**Given records**:
******************************
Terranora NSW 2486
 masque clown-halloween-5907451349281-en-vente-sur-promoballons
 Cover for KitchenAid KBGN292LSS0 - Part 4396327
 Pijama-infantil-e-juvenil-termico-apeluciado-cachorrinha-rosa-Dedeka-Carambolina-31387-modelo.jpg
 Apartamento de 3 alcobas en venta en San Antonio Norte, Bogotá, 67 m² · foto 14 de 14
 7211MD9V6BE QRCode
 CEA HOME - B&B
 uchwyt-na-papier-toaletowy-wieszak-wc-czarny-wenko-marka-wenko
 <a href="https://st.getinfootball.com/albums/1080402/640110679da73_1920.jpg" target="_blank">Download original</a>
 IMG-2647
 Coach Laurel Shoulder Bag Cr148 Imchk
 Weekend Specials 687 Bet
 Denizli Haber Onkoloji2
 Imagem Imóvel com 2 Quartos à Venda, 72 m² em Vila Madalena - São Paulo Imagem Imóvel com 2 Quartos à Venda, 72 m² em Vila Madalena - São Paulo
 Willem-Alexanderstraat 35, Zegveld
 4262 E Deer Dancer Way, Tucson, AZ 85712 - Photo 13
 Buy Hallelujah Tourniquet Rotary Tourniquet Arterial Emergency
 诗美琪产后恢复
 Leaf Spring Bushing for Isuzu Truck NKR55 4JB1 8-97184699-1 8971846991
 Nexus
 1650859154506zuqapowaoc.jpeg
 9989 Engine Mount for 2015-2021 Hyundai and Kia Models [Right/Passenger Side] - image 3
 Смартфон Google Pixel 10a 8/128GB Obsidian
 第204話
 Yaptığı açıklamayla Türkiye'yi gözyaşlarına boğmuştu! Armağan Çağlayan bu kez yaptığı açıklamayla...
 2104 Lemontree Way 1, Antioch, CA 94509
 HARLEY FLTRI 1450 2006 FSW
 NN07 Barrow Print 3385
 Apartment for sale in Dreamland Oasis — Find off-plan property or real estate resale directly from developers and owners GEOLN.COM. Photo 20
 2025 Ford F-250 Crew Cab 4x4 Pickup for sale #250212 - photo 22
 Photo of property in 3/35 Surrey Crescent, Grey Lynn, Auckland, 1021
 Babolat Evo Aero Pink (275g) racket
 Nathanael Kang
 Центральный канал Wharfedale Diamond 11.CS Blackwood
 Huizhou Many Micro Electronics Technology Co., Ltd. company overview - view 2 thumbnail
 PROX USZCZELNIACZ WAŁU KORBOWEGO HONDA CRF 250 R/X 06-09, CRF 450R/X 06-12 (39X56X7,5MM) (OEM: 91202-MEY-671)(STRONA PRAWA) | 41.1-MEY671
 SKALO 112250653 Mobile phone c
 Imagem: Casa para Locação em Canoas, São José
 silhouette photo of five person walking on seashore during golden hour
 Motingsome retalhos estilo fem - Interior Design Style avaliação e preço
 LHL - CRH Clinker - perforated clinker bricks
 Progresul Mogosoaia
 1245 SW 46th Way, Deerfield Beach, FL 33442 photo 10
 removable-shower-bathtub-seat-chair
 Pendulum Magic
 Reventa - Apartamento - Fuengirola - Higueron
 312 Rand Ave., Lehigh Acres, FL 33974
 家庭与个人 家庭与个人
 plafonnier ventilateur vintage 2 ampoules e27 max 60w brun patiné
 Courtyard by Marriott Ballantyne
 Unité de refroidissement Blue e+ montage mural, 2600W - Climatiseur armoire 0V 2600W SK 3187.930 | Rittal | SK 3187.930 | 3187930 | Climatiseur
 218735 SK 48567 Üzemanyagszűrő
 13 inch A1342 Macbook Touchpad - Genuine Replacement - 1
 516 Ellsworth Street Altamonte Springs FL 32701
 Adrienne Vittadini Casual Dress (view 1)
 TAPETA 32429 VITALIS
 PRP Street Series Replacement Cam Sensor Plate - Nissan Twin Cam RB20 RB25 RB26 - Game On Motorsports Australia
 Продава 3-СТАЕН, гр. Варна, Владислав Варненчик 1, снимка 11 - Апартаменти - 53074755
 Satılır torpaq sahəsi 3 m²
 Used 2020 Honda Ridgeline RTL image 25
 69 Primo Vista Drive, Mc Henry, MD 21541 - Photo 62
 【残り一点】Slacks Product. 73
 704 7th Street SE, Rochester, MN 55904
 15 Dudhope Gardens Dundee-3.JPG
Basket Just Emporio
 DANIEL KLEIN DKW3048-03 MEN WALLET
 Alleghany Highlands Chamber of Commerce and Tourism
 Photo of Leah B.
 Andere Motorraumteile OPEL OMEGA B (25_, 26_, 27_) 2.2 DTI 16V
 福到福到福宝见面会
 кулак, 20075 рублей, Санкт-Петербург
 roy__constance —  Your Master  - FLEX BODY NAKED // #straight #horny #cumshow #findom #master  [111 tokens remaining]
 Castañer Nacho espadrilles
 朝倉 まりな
******************************
**What you will do**: Output only the lines that run from the one containing "Progresul Mogosoaia" through the last line of the material above, both included.

**Result of the task**:
 Progresul Mogosoaia
 1245 SW 46th Way, Deerfield Beach, FL 33442 photo 10
 removable-shower-bathtub-seat-chair
 Pendulum Magic
 Reventa - Apartamento - Fuengirola - Higueron
 312 Rand Ave., Lehigh Acres, FL 33974
 家庭与个人 家庭与个人
 plafonnier ventilateur vintage 2 ampoules e27 max 60w brun patiné
 Courtyard by Marriott Ballantyne
 Unité de refroidissement Blue e+ montage mural, 2600W - Climatiseur armoire 0V 2600W SK 3187.930 | Rittal | SK 3187.930 | 3187930 | Climatiseur
 218735 SK 48567 Üzemanyagszűrő
 13 inch A1342 Macbook Touchpad - Genuine Replacement - 1
 516 Ellsworth Street Altamonte Springs FL 32701
 Adrienne Vittadini Casual Dress (view 1)
 TAPETA 32429 VITALIS
 PRP Street Series Replacement Cam Sensor Plate - Nissan Twin Cam RB20 RB25 RB26 - Game On Motorsports Australia
 Продава 3-СТАЕН, гр. Варна, Владислав Варненчик 1, снимка 11 - Апартаменти - 53074755
 Satılır torpaq sahəsi 3 m²
 Used 2020 Honda Ridgeline RTL image 25
 69 Primo Vista Drive, Mc Henry, MD 21541 - Photo 62
 【残り一点】Slacks Product. 73
 704 7th Street SE, Rochester, MN 55904
 15 Dudhope Gardens Dundee-3.JPG
Basket Just Emporio
 DANIEL KLEIN DKW3048-03 MEN WALLET
 Alleghany Highlands Chamber of Commerce and Tourism
 Photo of Leah B.
 Andere Motorraumteile OPEL OMEGA B (25_, 26_, 27_) 2.2 DTI 16V
 福到福到福宝见面会
 кулак, 20075 рублей, Санкт-Петербург
 roy__constance —  Your Master  - FLEX BODY NAKED // #straight #horny #cumshow #findom #master  [111 tokens remaining]
 Castañer Nacho espadrilles
 朝倉 まりな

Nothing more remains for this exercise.